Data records
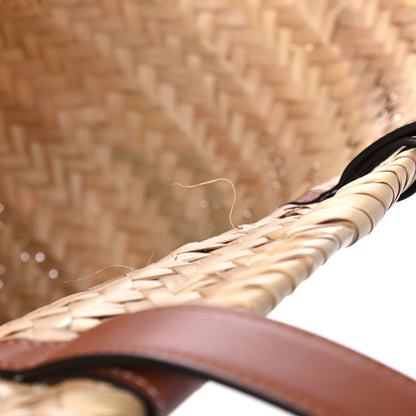 Celine Raffia Calfskin Triomphe Medium Panier Tan 5 of 6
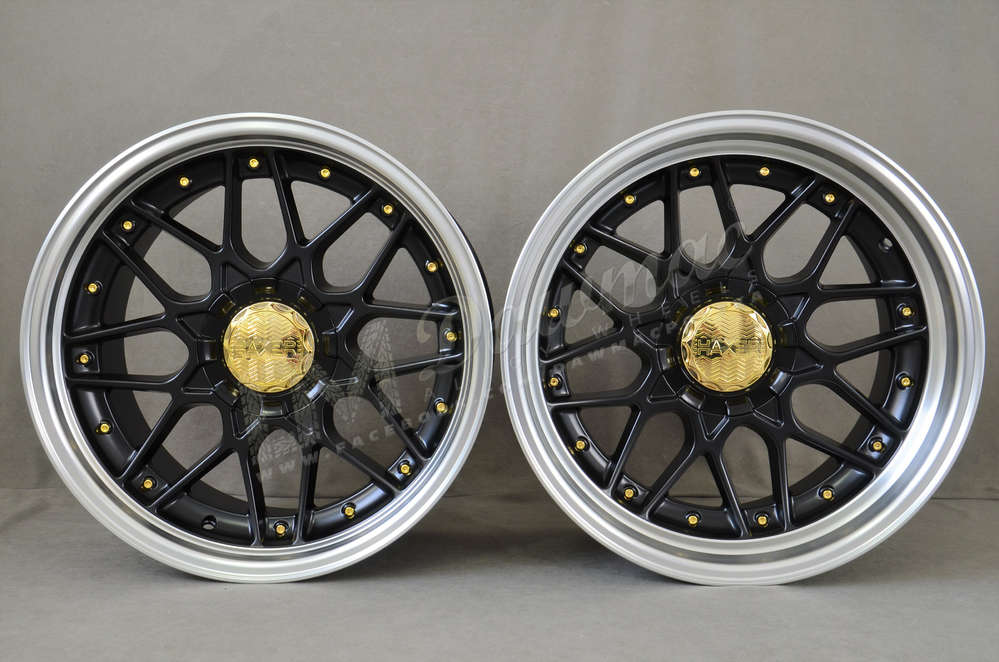 Haxer HX025 18" 8J ET30 + 9J ET35 5x120 Black Half Matt with Gold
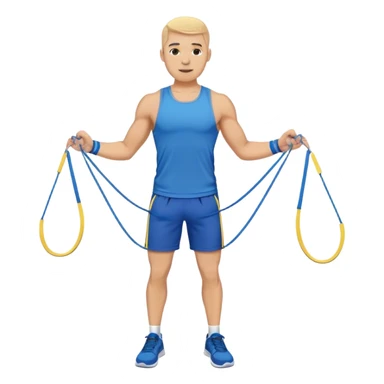 fit man with blue shorts resistance bands exercises sticker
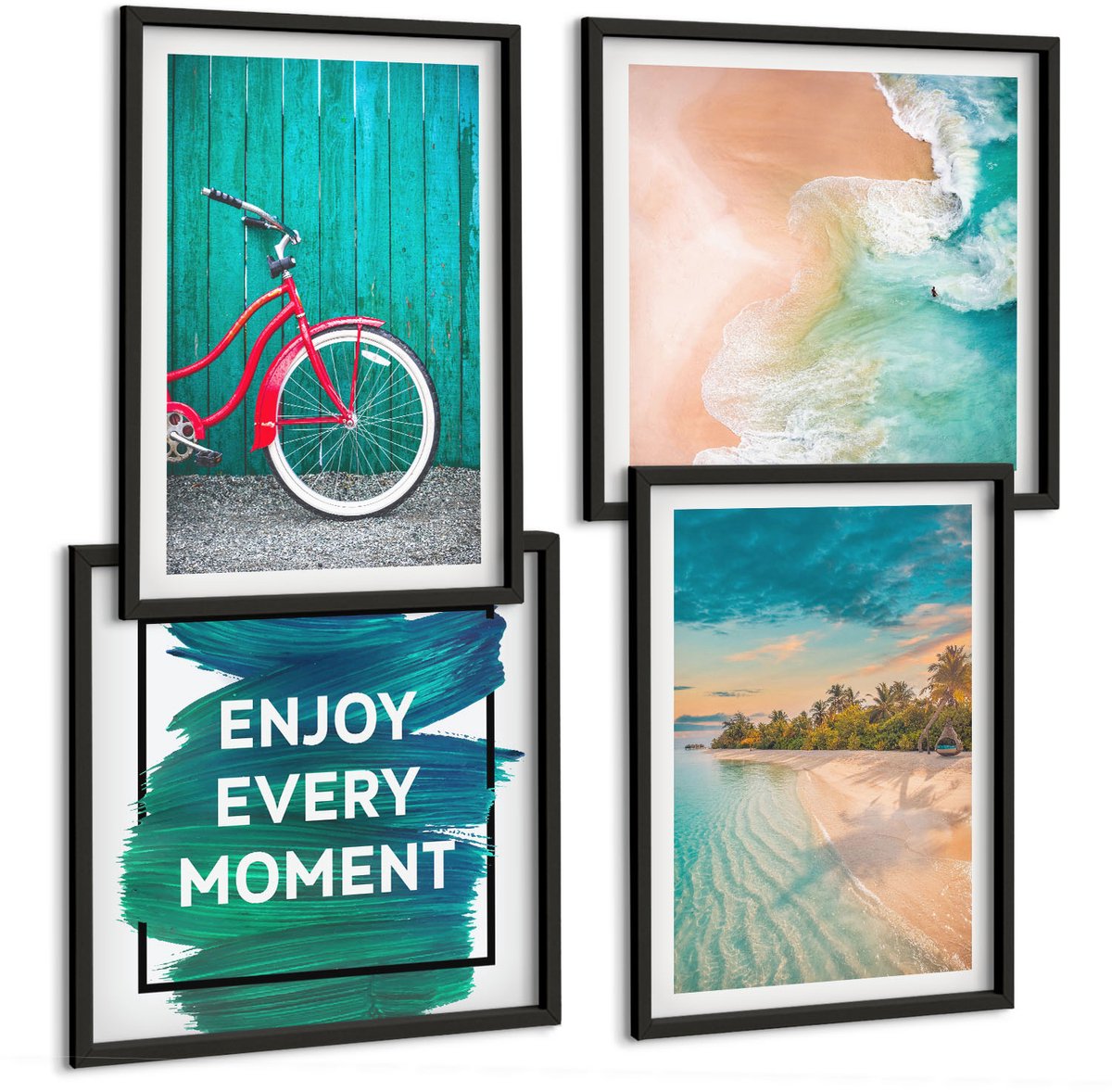 Tulup 4-Delige Schilderij Set - Zeezicht met boot en fiets, inspirerende belettering - 40 x 40 cm en 40 x 60 cm - Decoratieve Schilderijen - Wanddecoratie - Hal - Stijlvolle Muurdecoratie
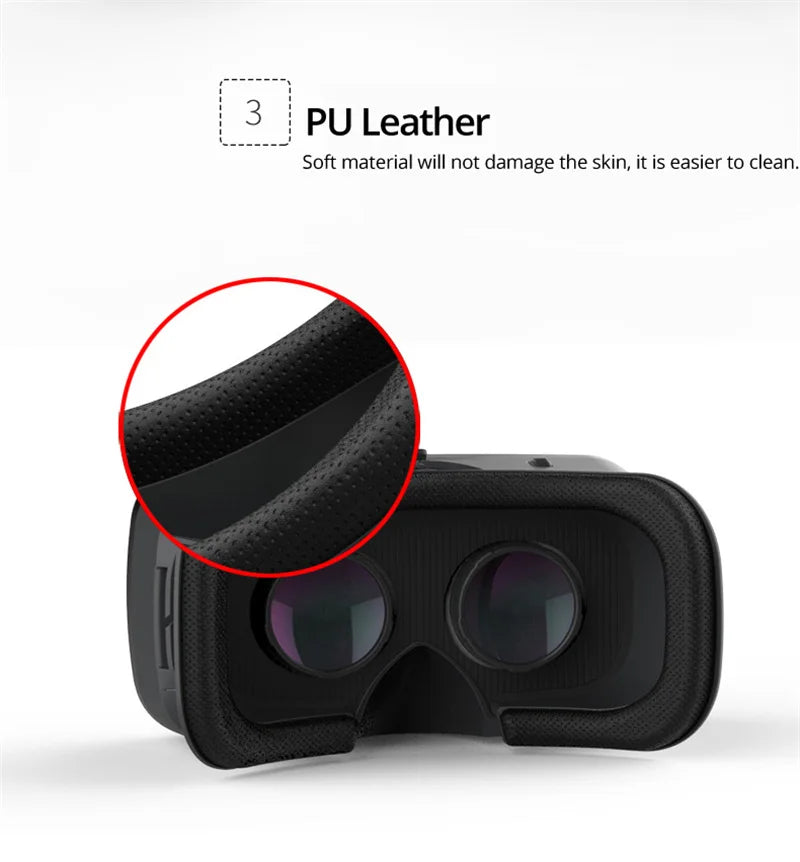 Black VR headset with a soft, perforated PU leather face cushion for comfort and easy cleaning.
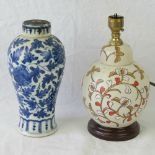 A CHinese blue and white pottery lamp base a/f having four character mark to base,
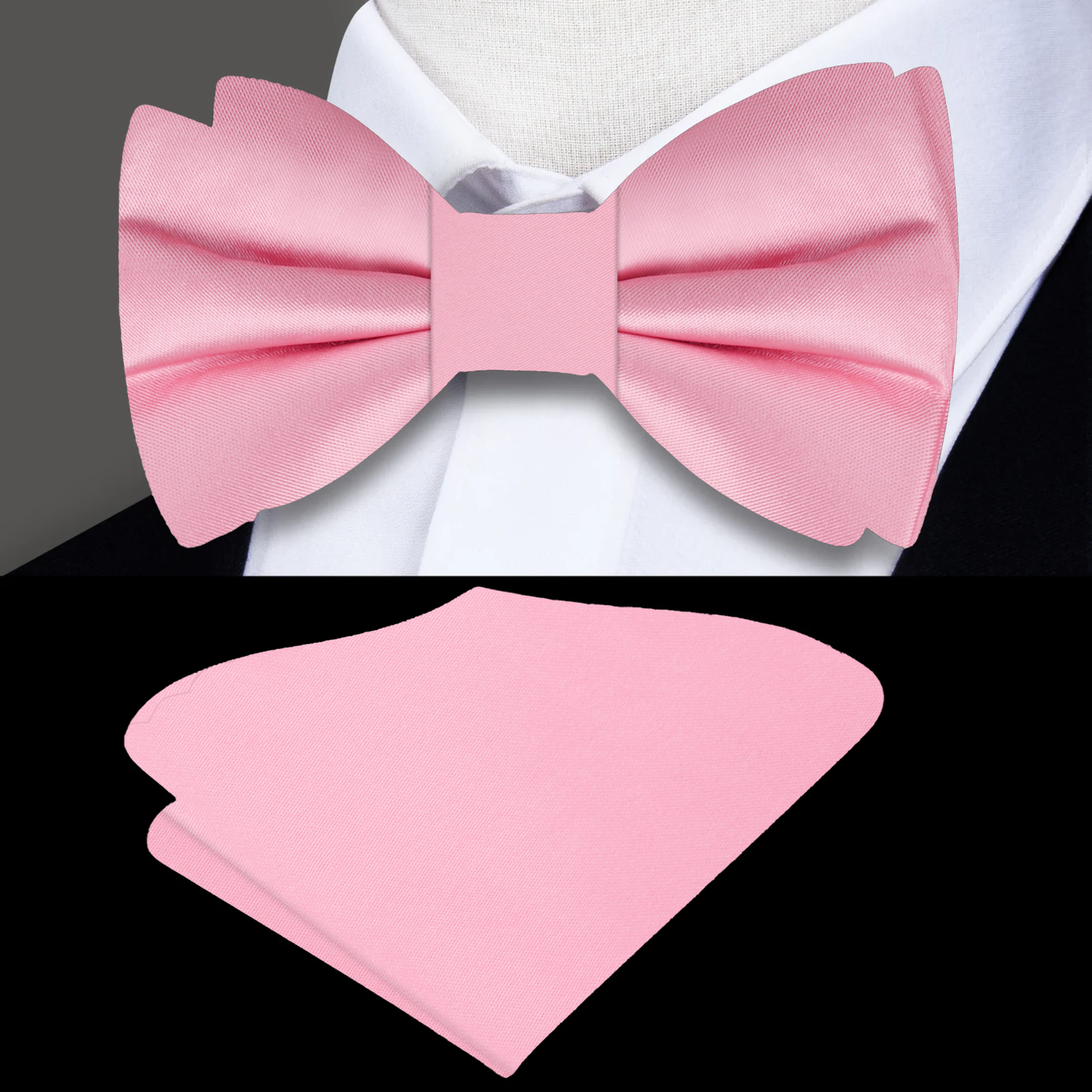 Close-up of the Kobi pink silk bow tie showcasing its smooth texture
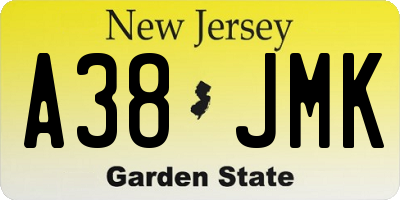 NJ license plate A38JMK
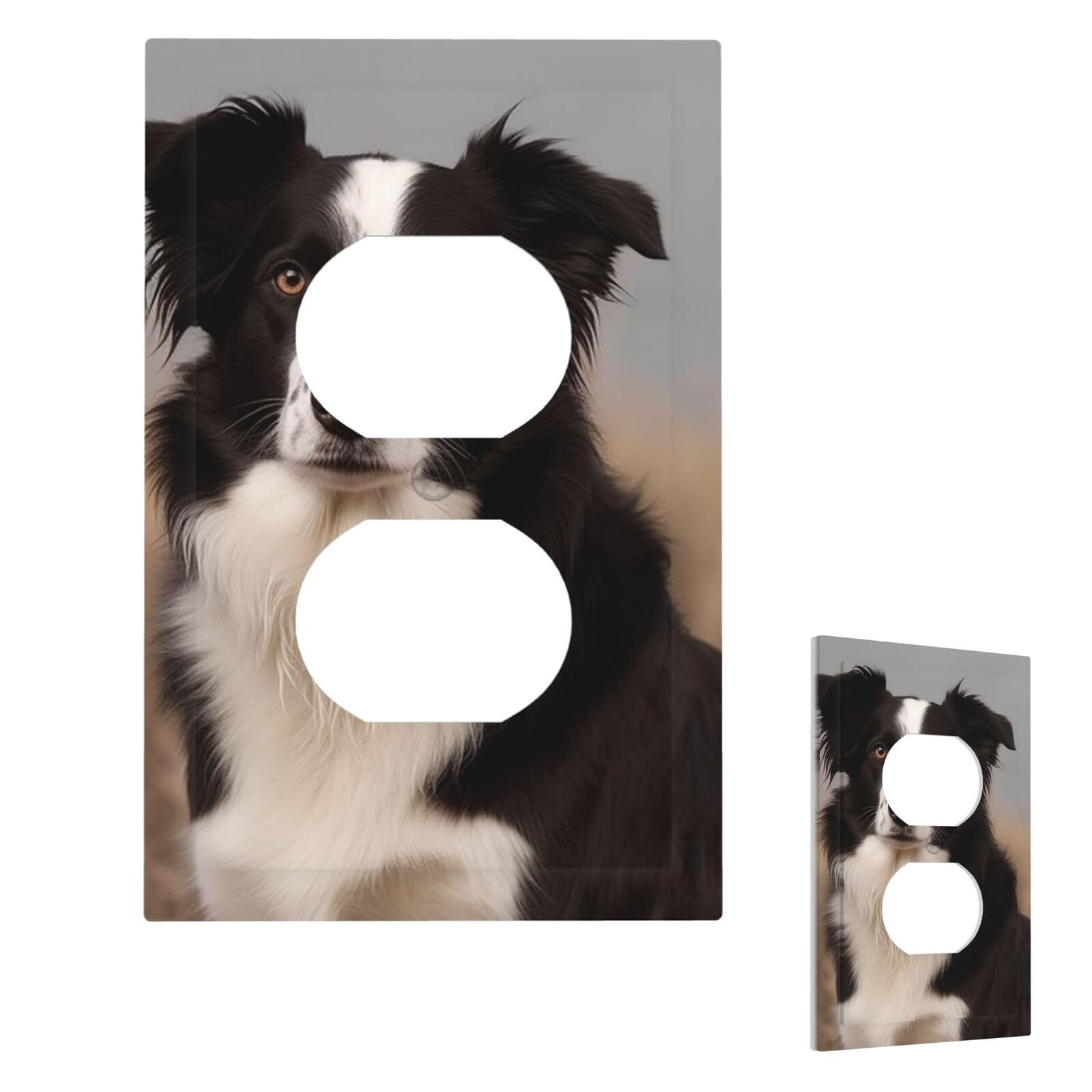 Aceprints Duplex Border Collie Wall Plate Cover Modern Decorative Light Switch Cover Unbreakable Receptacle Outlet Covers For Living Room Bedroom Decor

ABOUT THIS TASK =>
The lines to reproduce run from the line containing "Black VR headset" through the last line of the records above, both included. Copy them exactly and drop the pictures.

REPLY =>
 Black VR headset with a soft, perforated PU leather face cushion for comfort and easy cleaning.
 A CHinese blue and white pottery lamp base a/f having four character mark to base,
 Close-up of the Kobi pink silk bow tie showcasing its smooth texture
 NJ license plate A38JMK
 Aceprints Duplex Border Collie Wall Plate Cover Modern Decorative Light Switch Cover Unbreakable Receptacle Outlet Covers For Living Room Bedroom Decor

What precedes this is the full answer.